* _RECORDS SHOWN_:
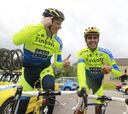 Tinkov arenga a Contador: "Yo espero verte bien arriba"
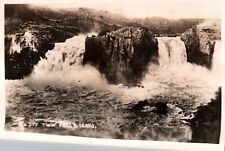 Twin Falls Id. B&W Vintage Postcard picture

---

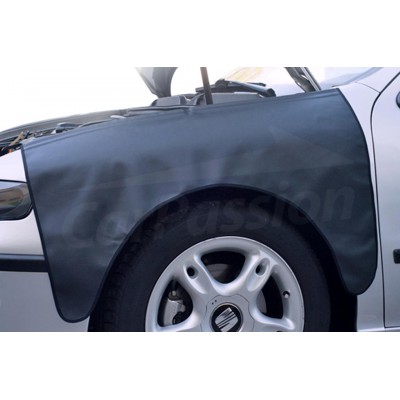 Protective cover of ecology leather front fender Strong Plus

* _WORK ITEM_: Above are some records; quote exactly and only the lines that begin at the line containing "Tinkov arenga a" and stop after the line containing "Twin Falls Id. B&W Vintage Postcard picture", leaving out the pictures.

* _EXPECTED OUTPUT_:
 Tinkov arenga a Contador: "Yo espero verte bien arriba"
 Twin Falls Id. B&W Vintage Postcard picture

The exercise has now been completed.